• Activity: Your output should be the lines from the one containing "アカラ 読谷店(AKALA)/ヒゲ脱毛２か月経過" through the last line below, both ends included, exactly as written and free of pictures.

Pictures with short captions:
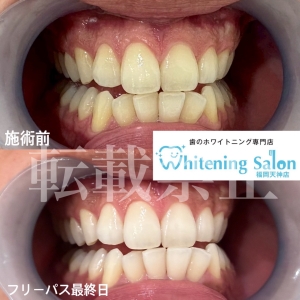 【ホワイトニング可能な歯の種類】天神/ホワイトニング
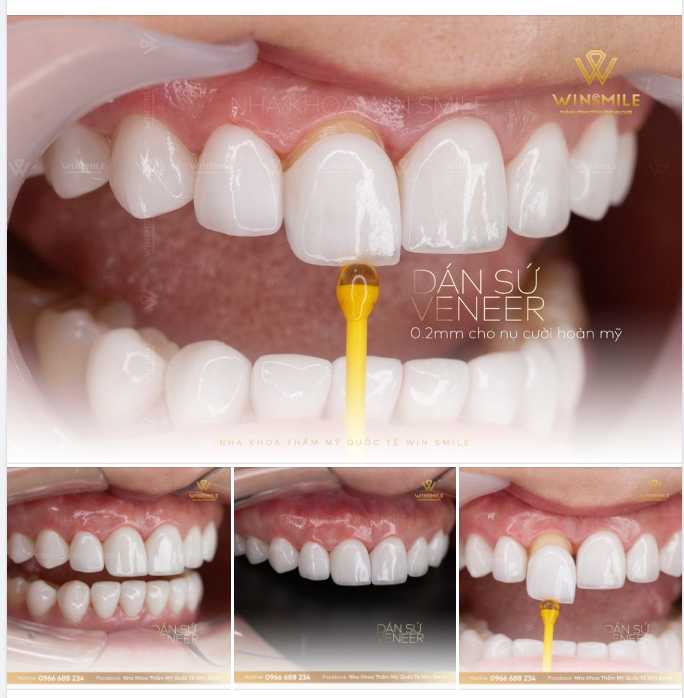 RÚT NGẮN KHOẢNG CÁCH TỚI NỤ CƯỜI HOÀN MỸ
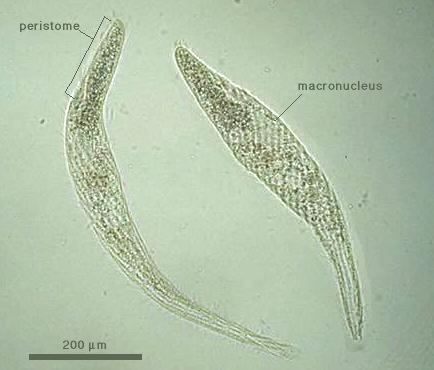 Spirostomum filum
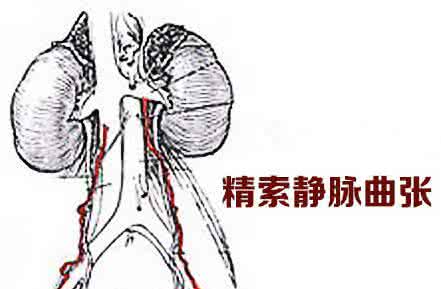 精索静脉曲张会影响怀孕吗?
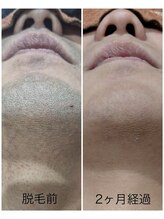 アカラ 読谷店(AKALA)/ヒゲ脱毛２か月経過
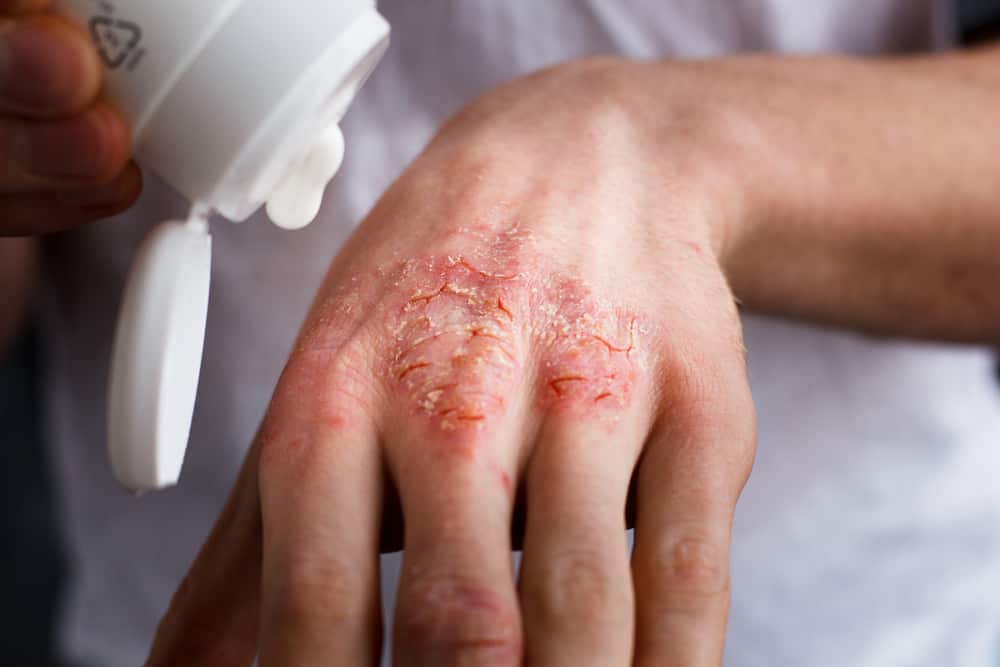 The Best Treatment and Home Remedies for Eczema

• Solution to this problem:
 アカラ 読谷店(AKALA)/ヒゲ脱毛２か月経過
 The Best Treatment and Home Remedies for Eczema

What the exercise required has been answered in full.